Avete caldo adesso a Milano? Non lamentatevi. Nel 2045 la temperatura sarà molto più sgradevole e non solo. Sarete invasi dalle zanzare, anche perché i Navigli saranno stati scoperchiati. Vi muoverete in masse ondeggianti e agglutinate di gente senza nerbo né obiettivi e, se vi sarà andata bene, disporrete di un permesso d’ingresso, altrimenti vi fermeranno prima di arrivare in città, magari facendovi stazionare al campo di Pioltello, dove la parola profugo è un complimento.
Anelerete a trovare ospitalità nelle chiese, ultimo estremo avamposto. Dovrete esibire la vostra identità su tablet, il vostro prossimo biglietto da visita. Mangerete vermi fritti alle food-bikes per strada. Sarete costantemente controllati dai droni segnalatori. E se vi verranno strani pensieri di evasione, avrete a disposizione solo i divertimenti fluo del Notturno di Linate, un tempo aeroporto, ora sottospecie dei quartieri loschi di Bangkok.

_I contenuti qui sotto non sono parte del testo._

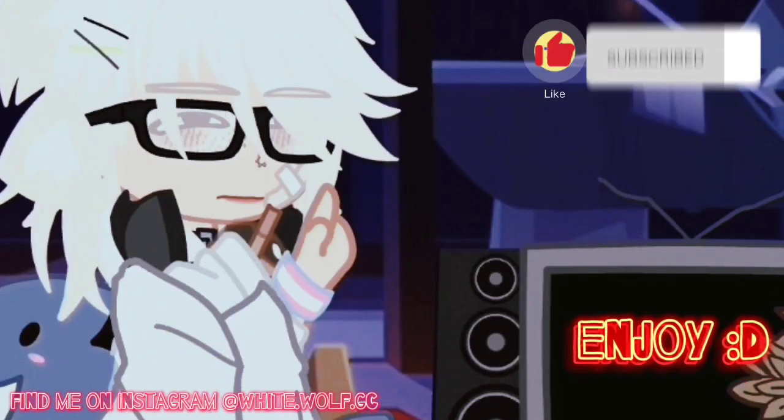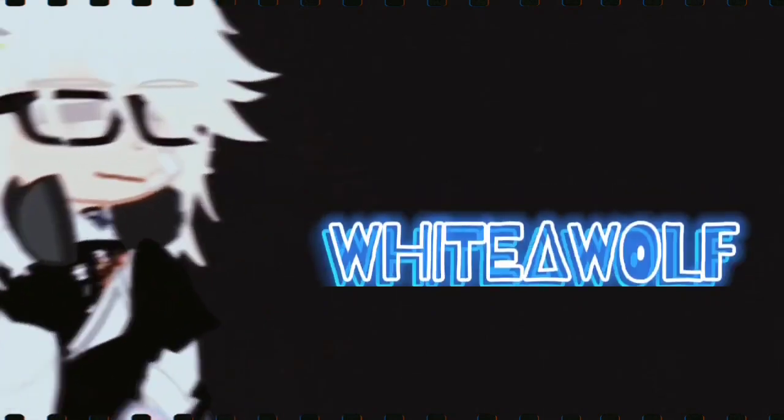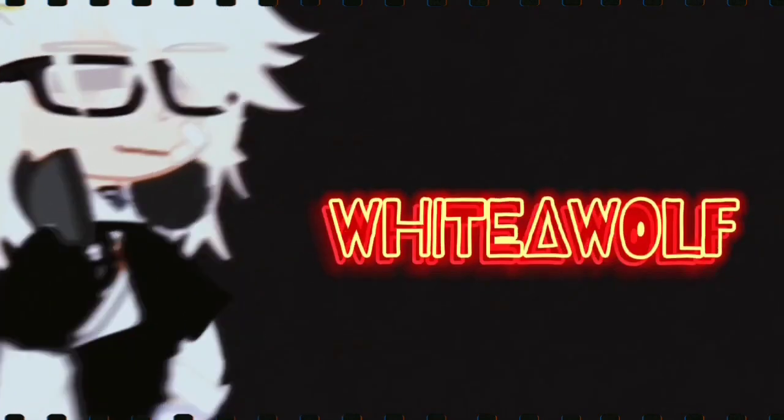I may be depressed, but at least I have an iced coffee. The FitnessGram Pacer Test is a multi-stage aerobic capacity test that progressively gets more difficult as it continues.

Però potrebbe andarvi meglio, e quindi vivreste nel parco urbano dello Scalo farini, quartiere un po’ parvenu di arricchiti o financo al Torracchione Velasca, come Renato Valsecchi, imprenditore illuminato che frequenta e finanzia movimenti e fondazioni a favore degli ultimi, ma non disdegna piaceri estremi come una cena a base di fugu, il velenosissimo pesce palla da cui solo pochi eletti sanno trarre un sashimi commestibile.
Lui no, evidentemente, tanto che ci lascia la pelle.
Oppure è stato ucciso.
Questo è il quesito sottoposto al commissario capo Alberto de Santa, appena rientrato da un confino (peraltro graditissimo) a Pieve di Cadore, che si muoverà tra la Chiesa dell’Apocalisse e le sue strane badesse, tra gli amici del passato – come Salim Barthez, oggi indiscusso leader carismatico erede di quel Gulliver Sacco trucidato nel corso di passati disordini – e altri personaggi in bilico tra un’esistenza attuale (più o meno dis-agiata) e un imminente “qualcosa” di cui alcuni sono in preparazione ed altri nell’incoscienza del non prevederlo.
Questo romanzo è stato definito distopico, ma al suo autore l’attributo va stretto. E ha ragione, perché Michele ha fatto di più che immaginare un futuro dove gli aspetti negativi del nostro presente saranno ingigantiti. Si è sicuramente lasciato indulgere in oroscopi geopolitici della porta accanto, come lo scoppio di rivolte razziste contro i cinesi in Paolo Sarpi, i sudamericani tra viale Padova e Cimiano o i magrebini in Maciachini, e ha giustamente rimbrottato come dalle epidemie del 2020/21 e dalla guerra regionale in Ucraina non noi abbiamo tratto alcunché di propositivo (“vivevamo in una bolla, sapevamo di correre verso il baratro e facevamo finta di niente”, scrive) ma ha soprattutto fatto rivivere quella parte del vivere associati che ritiene morta, rassegnata, indifferente: la lotta, la critica, la reazione.
Quando è venuto a trovarci a Risolto Giallo, Michele Turazzi si è dichiarato contentissimo di venir ospitato da una trasmissione che predilige e studia il genere, perché il suo Prima della Rivolta è anzitutto questo, un giallo: c’è un omicidio, una detection, un investigatore. Che poi lo sfondo sia anomalo, come appena anticipato, è questione di fondale. Che sia riuscito a ricreare atmosfere a cavallo tra i galoppanti e plumbei anni ’70 e le allucinate visioni di un futuro così punitivo nei confronti dell’essere umano, è questione di abilità narrativa.
Ma questo romanzo non è davvero distopico, se con questo termine intendiamo l’immaginario futuro totalmente negativo, perché in Prima della rivolta c’è molto meno individualismo che nel nostro oggi, c’è tutto un aspetto sociale in ebollizione, che dà conto delle diversificazioni ma vuole riconquistare gli spazi e spartirli sottraendoli alla gentrificazione per strati sociali che li ha appiattiti. Tra le pagine di Michele ci sono cortei, manifestazioni, volantinaggi, riunioni carbonare incastonate in un avvincente noir d’anticipazione, ci sono metodi di indagine classici (interrogatori, pedinamenti) in un contesto futuristico, ci sono sentimenti fortissimi di appartenenza e di amicizia in un mondo dove l’affettività è relegata.
Si chiama speculative fiction, quello che scrive Michele Turazzi, ed è uno dei pochissimi. “Parole riempite di elio e rivestite di piombo”. Da non perdere. Se volete scendere un po’ dalla vs cadrega e camminare avanti. Per tornare a veder immagini che “assomiglino a facce e non ad ammassi di pixel”.